Es evidente que la medida es beneficiosa para el telespectador pero tal vez disminuya el consumo televisivo; lo cual, teniendo en cuenta los grados de estupidez y mediocridad a los que es capaz de llegar la televisión de nuestros días, puede que no sea tan malo.
Más información en:
El Mundo.es
Parecidas innovaciones han sido practicadas por otras cadenas y el resultado ha sido siempre poco fructífero. El antecedente más claro es el de “Tele5”, que abogó durante años por adelantar su informativo media hora, y tuvo que situarlo a las 9 de la noche para no verse perjudicada por falta de audiencia. Una de las razones que se esgrimen para dicho pacto es la de equipararse a los usos horarios de las demás televisiones de Europa sin tener en cuenta que nuestro país tiene unas costumbres bien diferenciadas del resto del continente. Tal vez sea esa la razón del fracaso de la innovadora propuesta de los informativos de “Tele5” y de la posible debacle de las audiencias que se derive del cambio del “prime time”. Las razones sociológicas pueden resultar bastante obvias: en una cultura de la calle como la española, apoyada por la benévola climatología, programar los espacios “estrella” a las 9 de la noche puede resultar poco previsor y puede incitar al español medio a hacer más uso de su ocio callejero en detrimento del televisivo.
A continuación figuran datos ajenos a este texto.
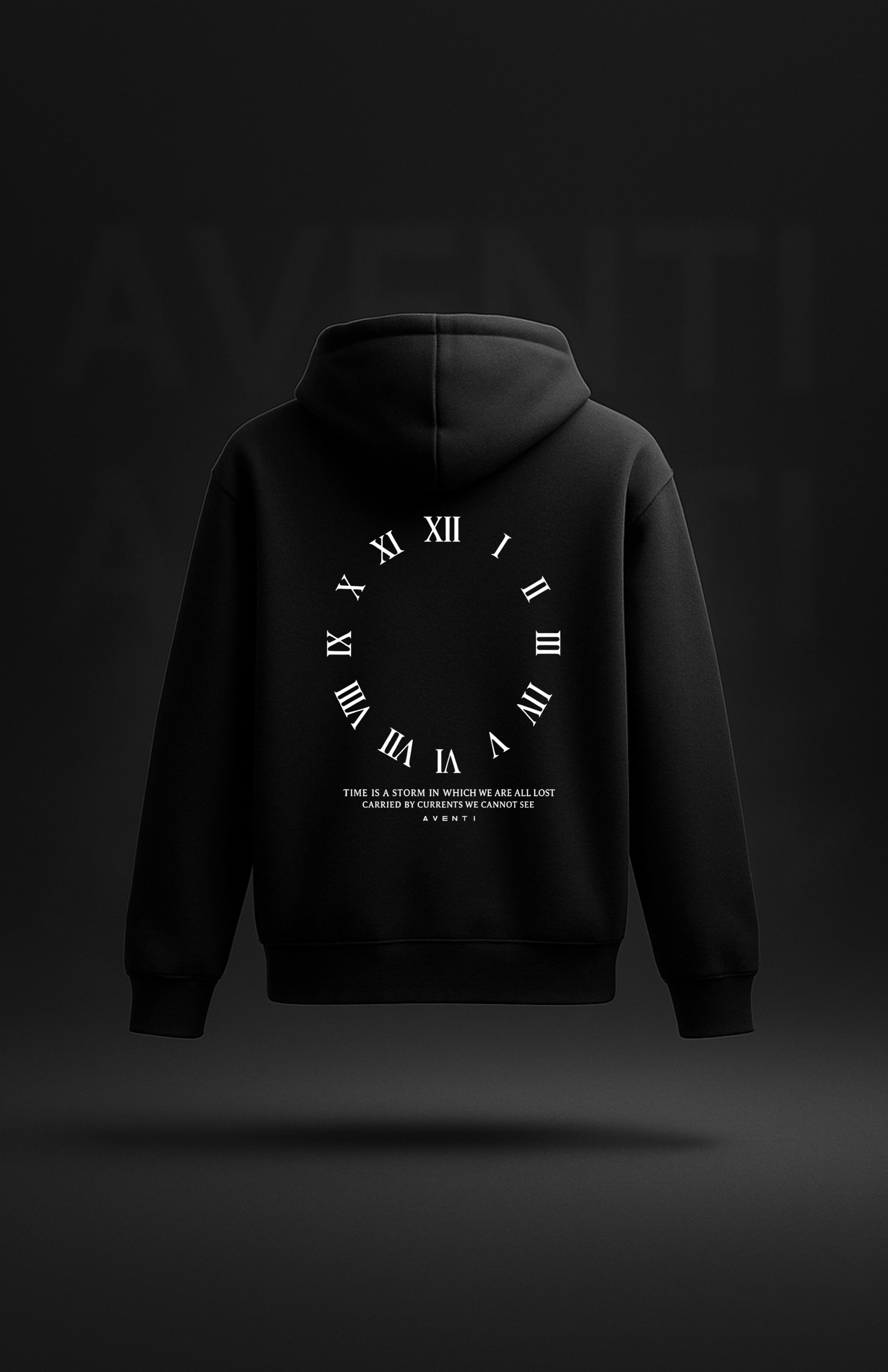 Aventi Vortex Hoodie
Resulta bastante raro que los publicistas no hayan reparado en esta característica a la hora de apoyar la iniciativa de “La Sexta”. Aquellos tiempos en los que “Crónicas Marcianas” dejaba con ojeras matinales a muchos españoles son una prueba de que al habitante de nuestro país le gusta trasnochar aunque el despertador suene pronto. El programa de Sardá era la golosina favorita de los anunciantes en unos horarios que son ciertamente intempestivos.
Claro está que la propuesta tendrá gran acogida entre todos aquellos que madrugan y que podría resultar beneficiosa para muchos telespectadores hartos de ver como sus espacios preferidos suelen finalizar a altas horas de la madrugada. La cuestión es si tanto los publicistas como Caffarel o “La Sexta” han tenido en cuenta el carácter sociológico de los españoles a la hora de confeccionar su plan. ¿Resulta una medida fructífera para el telespectador medio y desastrosa para un mercado poco previsor? ¿Pueden cambiar nuestras costumbres callejeras con tal medida? Hasta ahora la equiparación de nuestros horarios de ocio nocturno ( pubs con límites en el horario de cierre, por ejemplo) con los demás europeos no han tenido gran acogida y nos hemos seguido yendo tarde a la cama. Este es, sin duda, otro indicativo de nuestro tipo de cultura.
Es evidente que la medida es beneficiosa para el telespectador pero tal vez disminuya el consumo televisivo; lo cual, teniendo en cuenta los grados de estupidez y mediocridad a los que es capaz de llegar la televisión de nuestros días, puede que no sea tan malo.